Monday, 5 December 2016

Why Abortion is So Controversial

by Katie O'Flaherty

As it has been for longer than living memory, abortion is still a topic hotly debated by many, some questioning the ethics of the decisions, others looking for answers through science. And now, with Donald Trump publicly stating that he would de-fund the charity Planned Parenthood, due to his 'pro-life' beliefs, putting an ever more political spin on the debate. 

Over the years, it seems the primary contenders in this debate are the scientists, against a significant proportion of religious people. And even these 'sides' are not as black and white as they seem. A number of scientists disagree with the principles of abortion, and a large number of religious people also believe in the freedom of the individual to choose. 

In the UK, it is legal to have an abortion up until 24 weeks, yet many argue it is too late, as 'on a different floor of a hospital, a premature baby can be saved at a younger age than 24 weeks'. Then arises the question of when life really begins. Is it when the egg is first fertilised, or after the zygote has formed, or only during birth? And science hasn't provided a solid answer to this question, giving even more scope for debate.
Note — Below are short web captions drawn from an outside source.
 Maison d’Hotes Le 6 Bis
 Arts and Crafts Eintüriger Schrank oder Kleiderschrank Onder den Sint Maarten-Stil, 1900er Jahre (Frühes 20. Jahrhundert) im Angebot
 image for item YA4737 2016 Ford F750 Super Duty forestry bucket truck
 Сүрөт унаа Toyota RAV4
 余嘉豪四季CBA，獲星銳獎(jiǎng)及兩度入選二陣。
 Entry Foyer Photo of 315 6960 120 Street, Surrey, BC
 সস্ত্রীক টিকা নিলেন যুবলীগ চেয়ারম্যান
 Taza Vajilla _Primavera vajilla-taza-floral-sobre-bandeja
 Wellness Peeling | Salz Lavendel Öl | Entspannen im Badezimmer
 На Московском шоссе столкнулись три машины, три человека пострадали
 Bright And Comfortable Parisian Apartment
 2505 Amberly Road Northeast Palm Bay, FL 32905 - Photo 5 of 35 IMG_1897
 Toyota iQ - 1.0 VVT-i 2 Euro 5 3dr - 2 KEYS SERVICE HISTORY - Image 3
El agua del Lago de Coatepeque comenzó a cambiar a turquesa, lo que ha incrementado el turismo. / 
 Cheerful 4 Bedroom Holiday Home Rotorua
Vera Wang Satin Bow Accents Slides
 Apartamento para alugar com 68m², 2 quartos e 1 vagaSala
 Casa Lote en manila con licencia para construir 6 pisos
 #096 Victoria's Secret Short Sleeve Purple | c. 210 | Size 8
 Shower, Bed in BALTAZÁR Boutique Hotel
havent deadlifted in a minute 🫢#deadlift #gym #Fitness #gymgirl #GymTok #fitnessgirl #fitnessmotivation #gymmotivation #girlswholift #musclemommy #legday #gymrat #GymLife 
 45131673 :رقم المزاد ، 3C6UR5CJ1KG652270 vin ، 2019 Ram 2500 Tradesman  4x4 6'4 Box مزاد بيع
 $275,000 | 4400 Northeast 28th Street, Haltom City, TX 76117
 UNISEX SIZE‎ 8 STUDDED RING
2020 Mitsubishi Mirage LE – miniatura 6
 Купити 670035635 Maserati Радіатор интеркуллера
On top of these other questions, the circumstances can drastically alter how many people view the morality of the abortion. Many abortions take place after rape, or if the parents would not be able to fully provide for the child due to health problems. Furthermore, many people would consider an abortion if they found out, before birth, that their child would have a debilitating disease, which may prohibit their quality of life, or limit their lifetime. And many others choose abortions because of an unexpected pregnancy, unplanned for, but which many argue that they could cope with relatively easily. 

Many of these questions can only be answered by individuals, using their own principles and moral compass to find the solution right for them. Therefore, the problem lies in trying to achieve an agreement, as to what can be done 'normally'. Not only this, but many feel it to be their 'duty' to force their own opinions on other people, whose circumstances they have never experienced, and likely cannot understand. And much as many people believe their moral compass is the sole way forward for both them and all who come into contact with them, the likelihood of them understanding the emotional complexities of the situation, and their lack of respect for each person's freedom to make their own decision, is a disrespect that not only generalises so many unique, and sometimes painful, situations, but also partially violates a human's right to make their own decisions.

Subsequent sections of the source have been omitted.